While these small business owners call Texas home, their success is directly shaped by federal policy on taxation, trade, access to affordable capital, immigration, energy, federal contracting, workforce development and the broader regulatory environment. As an advocate for these small businesses and a native Texan, I understand this relationship firsthand.
I also understand that Texas is a Hispanic-dominant state. Our community is the largest demographic group, accounting for nearly half of the state’s population and owning one-third of its small businesses. With a historic competition underway for a U.S. Senate seat, anyone serious about representing this state must account for that reality.
The results of the recent primaries only reinforced that point.

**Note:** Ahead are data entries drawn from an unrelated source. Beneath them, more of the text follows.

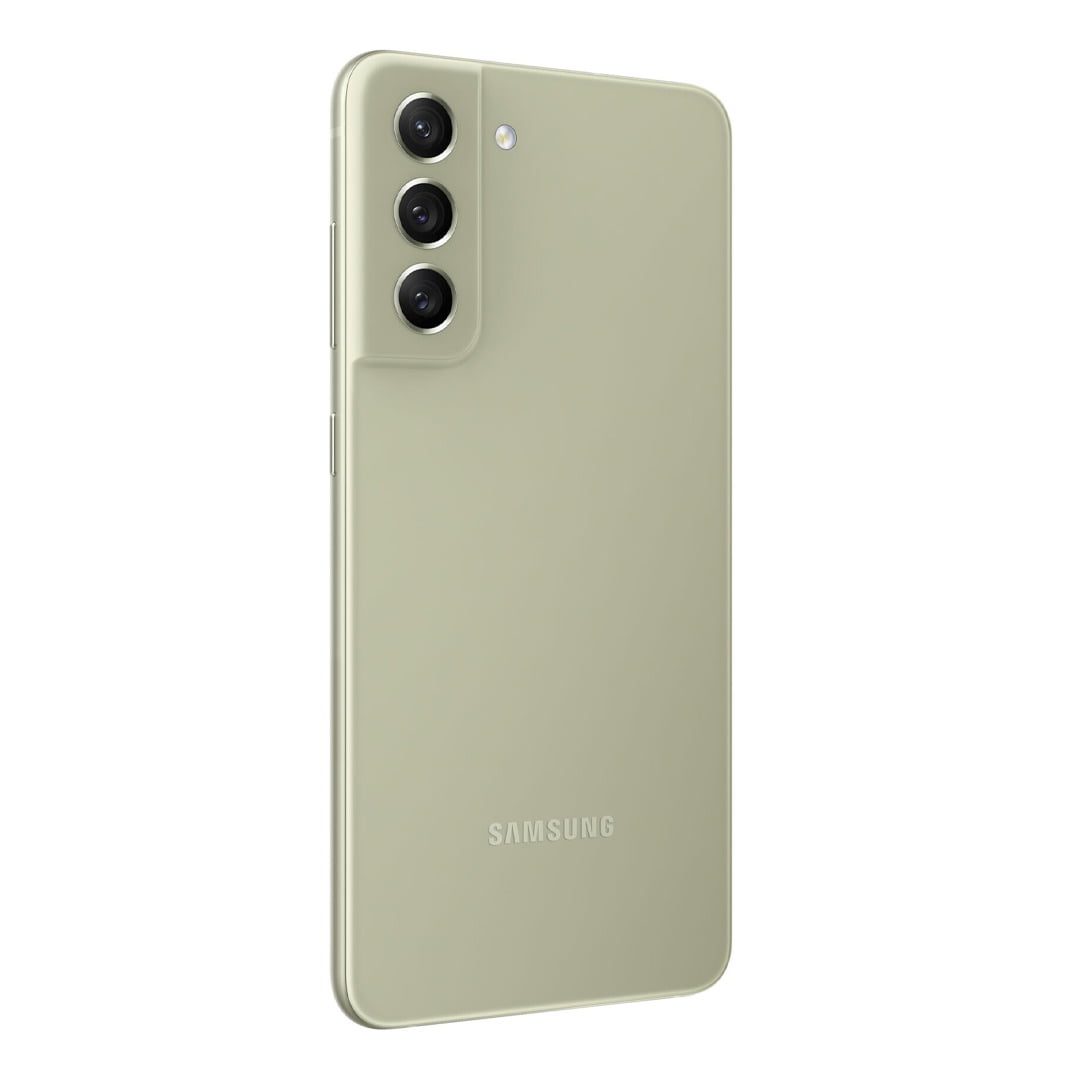 گوشی سامسونگ Galaxy S21 FE 5G ظرفیت ۲۵۶ گیگابایت و رم ۸ گیگابایت رنگ سبز سمت چپ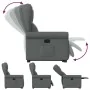 Sillón reclinable elevable de tela gris oscuro de , Sillones - Ref: Foro24-3303375, Precio: 279,69 €, Descuento: %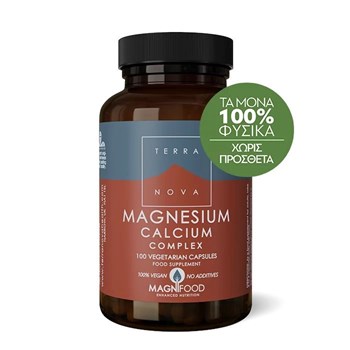 Picture of Terranova Magnesium Calcium 100 Κάψουλες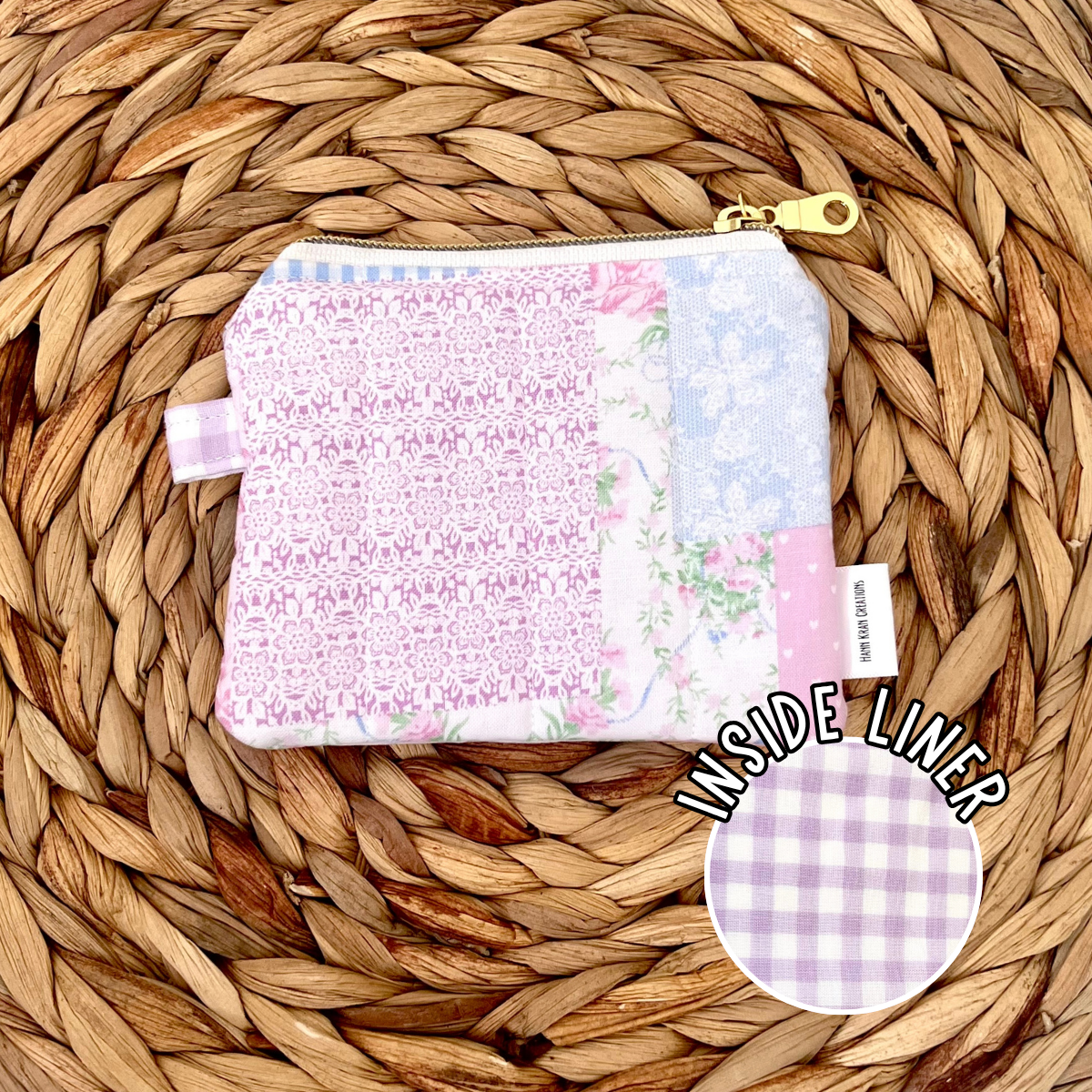 Lavender Picnic Keychain Wallet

State Rep. James Talarico secured the Democratic nomination over U.S. Rep. Jasmine Crockett by building a coalition that resonated with entrepreneurial Texans and advertising in Hispanic counties where turnout can decisively shape results.
While Talarico began making inroads to the Hispanic community, including through our organization, Crockett sat idle. In fact, the congresswoman refused to interact with us on two occasions. She is now out of the race, thanks partly to the Hispanic voters she declined to engage.
On the Republican side, Sen. John Cornyn and Attorney General Ken Paxton now head to a runoff after neither candidate secured a majority of the vote. The contest has already become one of the most expensive Senate primaries in American history, with more than $130 million spent overall. If the runoff continues, it’s likely to draw another aggressive wave of spending and national attention.
Yet the same question remains unanswered by either candidate: Who is actually speaking to the voters who will decide this election?
Whoever emerges from the GOP will face a Democratic nominee who demonstrated that appealing to Hispanic communities and rural voters can reshape the political map in ways many analysts did not expect.
Talarico’s victory relied on building support across rural regions and Hispanic communities that are often overlooked. As the only candidate to engage local Spanish-language networks such as Univision, a trusted voice that has local reporters in virtually every Hispanic community, it provided him the much-needed boost to cross the finish line.
As our eyes shift to November, I wonder how any candidate can aspire to represent one of the most entrepreneurial states, one that is also Hispanic-dominant, while avoiding engagement with the very voters who define it.
The next senator for Texas will not be determined solely by campaign spending or party loyalty. It will be the candidate who understands where Texas is headed and engages the voters driving that change. Talarico’s victory in the Democratic primary is proof of that.
Javier Palomarez is the president and CEO of the nonpartisan United States Hispanic Business Council, which advocates on behalf of Hispanic-owned small businesses. He lives in the Fort Worth area.